Evidence, then, would suggest that history will repeat itself. In fact, since I first began writing this post, things have begun taking a turn for the positive — not the least of which is my attitude. I’m learning to accept that This is Just the Way Things Go Sometimes, while trying not to sweat the small stuff (always easier to say than to do, especially in a foreign country where the small stuff can quickly balloon into big stuff). The town I’m in now isn’t a perfect fit for me, but it’s better than the last one, and I’ve met some lovely people. I had forgotten about the wrathful beauty of the Caribbean’s late-afternoon downpours that steal away as unannounced as they sweep in, and about how little I care when they soak me to the skin and leave me with goosebumps. I had forgotten how bright and powdery and soft the sand is over here compared to the Pacific side; how warm and turquoise and swimmable the water.
And so here I am, three weeks in and on the cusp of another birthday. The sun slips up, the heat and humidity press down. I potter around on my bent bike and practice my broken Spanish with the locals. Sweat forms and dries, leaving salty fault lines along the waistband of my shorts. My skin browns. The pewter clouds with their stealthy silver-white rainstorms come and go. I eat fresh seafood. And I remember how fortunate I am to be travelling at all, let alone for 2 months. How fortunate I am to be able to slip into flip flops and a tank top every morning instead of hulking into winter boots and a parka.

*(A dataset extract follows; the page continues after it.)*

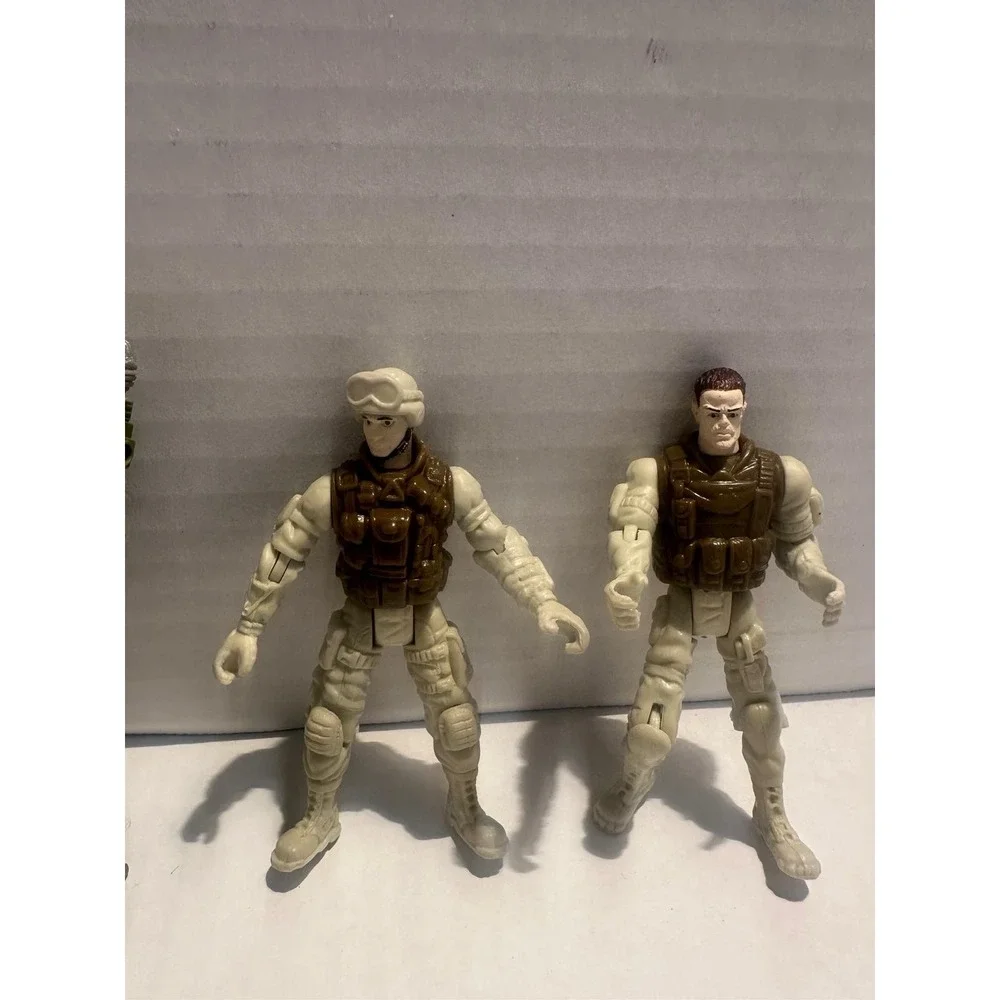Military & Adventure Action Figure Collection 3-Pack Fully Jointed Multicolor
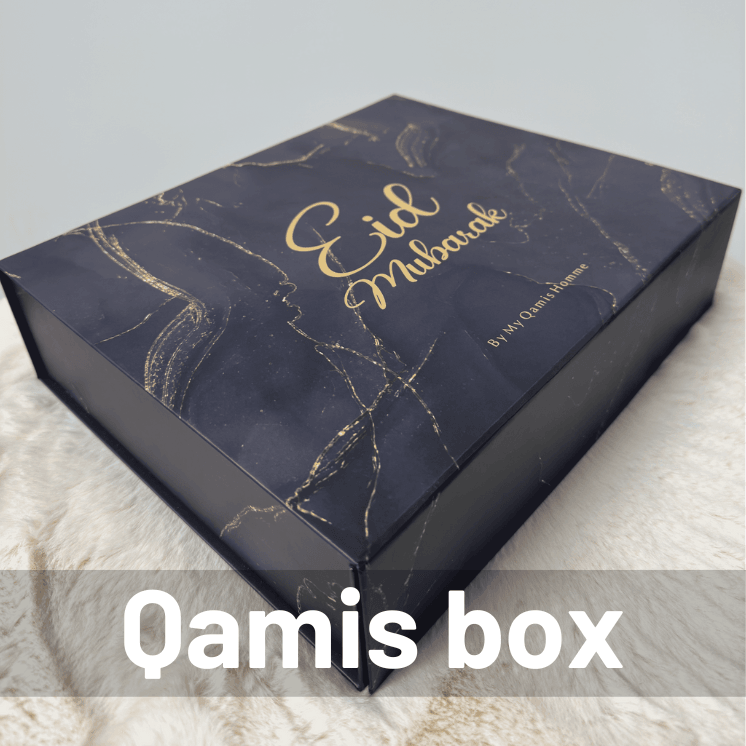 Tout savoir sur la Qamis Box de chez My Qamis Homme - My Qamis Homme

Despite all the crap, there are still a million things and moments to be grateful for, every day.
I sit silently at sunrise in the small enchanted forest across from my apartment, sipping coffee while I watch and wait and hope for monkeys to appear; and I realize with crystal clarity that my travelling days are far from over. I will stay in my car and wait out the traffic, even if I do need one of those lumbar support cushions now. Ease the seat back a little, roll down the windows, crank up some reggae, and stop trying to outsmart the universe by taking shortcuts. Because, maybe it’s not about shortcuts at all. Maybe it’s about just sitting where I am and being grateful to be out on the road today, going somewhere.